Software and extension stores that rely on automatic store submission reviews are more prone to fake and malicious extensions being offered. The latest addition to the growing number of Chrome Store extensions that fall into the category is called Microsoft Authenticator.
The name suggests that it is an official product by Microsoft, but it is not. One hint that something is off is that the company that is offering the extension is not Microsoft Corporation but “Extensions”.
The app has 448 users and a three out of five stars rating at the store at the moment. It has been in the store since April 23, 2021.
If you have read our guide on verifying Chrome extensions before installation, you know that direct information such as the developer may provide hints that something may be fishy. The developer email address looks like one of those fake email addresses used for poising or spam sending; it uses a Gmail address, and not an official Microsoft address.

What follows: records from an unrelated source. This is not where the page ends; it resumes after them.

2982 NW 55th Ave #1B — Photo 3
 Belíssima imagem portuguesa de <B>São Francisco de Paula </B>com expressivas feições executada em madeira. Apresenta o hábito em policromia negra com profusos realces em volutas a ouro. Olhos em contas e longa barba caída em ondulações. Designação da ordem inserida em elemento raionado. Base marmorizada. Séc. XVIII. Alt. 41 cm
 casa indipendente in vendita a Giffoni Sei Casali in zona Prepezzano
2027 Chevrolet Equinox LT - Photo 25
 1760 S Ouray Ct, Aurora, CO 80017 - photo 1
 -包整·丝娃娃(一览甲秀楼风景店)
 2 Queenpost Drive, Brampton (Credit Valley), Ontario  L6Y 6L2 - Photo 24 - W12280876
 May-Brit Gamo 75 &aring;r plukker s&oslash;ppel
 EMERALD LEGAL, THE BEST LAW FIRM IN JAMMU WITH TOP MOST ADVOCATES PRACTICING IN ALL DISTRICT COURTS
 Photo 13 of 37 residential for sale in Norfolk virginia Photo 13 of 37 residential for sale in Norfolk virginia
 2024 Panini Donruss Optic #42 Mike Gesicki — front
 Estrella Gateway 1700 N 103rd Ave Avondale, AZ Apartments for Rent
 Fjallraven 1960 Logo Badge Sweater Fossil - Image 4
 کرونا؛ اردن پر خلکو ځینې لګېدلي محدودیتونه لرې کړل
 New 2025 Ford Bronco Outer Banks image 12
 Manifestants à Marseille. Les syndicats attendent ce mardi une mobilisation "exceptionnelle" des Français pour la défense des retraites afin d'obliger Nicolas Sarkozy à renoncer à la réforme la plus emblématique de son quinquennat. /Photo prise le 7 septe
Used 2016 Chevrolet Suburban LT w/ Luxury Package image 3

A look at the reviews includes several warnings from other users, but also some that praise it. The latter are likely fake and used to instill a level of trust in users who check the reviews before trying the extension.
A quick check of Microsoft’s Authenticator homepage reveals that it is available as a mobile application, and as a Microsoft Store version, but not as a browser extension.
The Microsoft Authenticator application cannot be used to authenticate Microsoft account sign-ins or any other sign-in for the matter. It displays a basic page with the option to “run Microsoft Authenticator”. A click on the button opens a Polish webpage that redirects to another webpage automatically asking for a sign-in or the creation of an account.
In this case, it is pretty obvious that the extension is not legitimate but fake. Still, more than 400 users have installed the extension already and it is possible that the count will increase in the coming days or weeks. Much of it depends on Google and whether the company will do something about it.
Now You: do you vet extensions before you install them?